Mientras mi madre describía tranquilamente el estado del cuerpo de Sophia, yo sentía como si me estuvieran clavando clavos para exhortarme a confesar mi maldad. Pero no perdí la cabeza, aunque poco faltó, y lloré mientras mi madre hablaba, tapándome los ojos con una mano. Ella me acarició la espalda como si yo fuera otra vez una niña.

– ¿Qué te pasa, Lanore, querida? ¿Por qué estás tan alterada por Sophia? Ha sido algo terrible y era nuestra vecina, sí, pero no creo que la conocieras muy bien.

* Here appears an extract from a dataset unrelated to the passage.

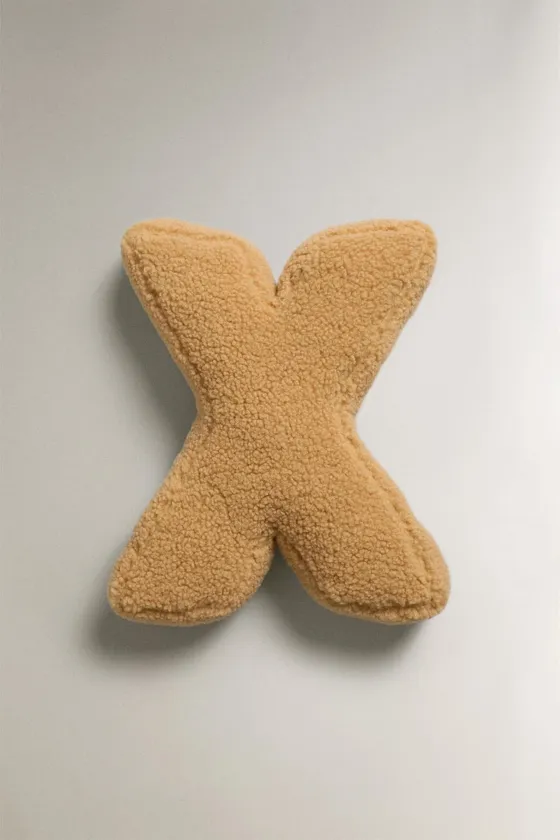 Детcкая подушка в виде буквы x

Me envió al desván con un odre de piel de cabra lleno de agua caliente y fue a reprender a mi padre por haberme llevado con él al bosque. Me tumbé con la piel de cabra apretada contra el vientre, aunque no me alivió nada. Me quedé despierta, escuchando todos los sonidos de la noche -el viento, las ramas de los árboles, las brasas mortecinas- que susurraban el nombre de Sophia.

Como había ocurrido con su boda, el entierro de Sophia Jacobs fue un acontecimiento miserable, al que asistieron su madre y algunas de sus hermanas, su marido y poca gente más. Era un día frío y nublado, y la nieve prometía bajar del cielo como había hecho todos los días desde el suicidio de Sophia.

Jonathan y yo estábamos mirando desde lo alto de una colina que dominaba el cementerio. Vimos a los dolientes agrupados en torno a la oscura y vacía sepultura. Se las habían arreglado de algún modo para cavar una fosa aunque la tierra estaba empezando a congelarse, y no pude evitar preguntarme si habría sido su padre, Tobey, el que la había cavado. Los dolientes, manchitas negras sobre un campo blanco allá en la distancia, se balanceaban adelante y atrás sin parar mientras Gilbert pronunciaba unas palabras sobre la difunta. Yo tenía el rostro tenso, hinchado de llorar durante días, pero en aquel momento, en presencia de Jonathan, no brotaron lágrimas. Parecía algo irreal estar espiando el entierro de Sophia, yo, que debería estar allí abajo de rodillas, pidiéndole perdón a Jeremiah, pues yo era la responsable de la muerte de su esposa, tanto como si la hubiera empujado yo misma al río.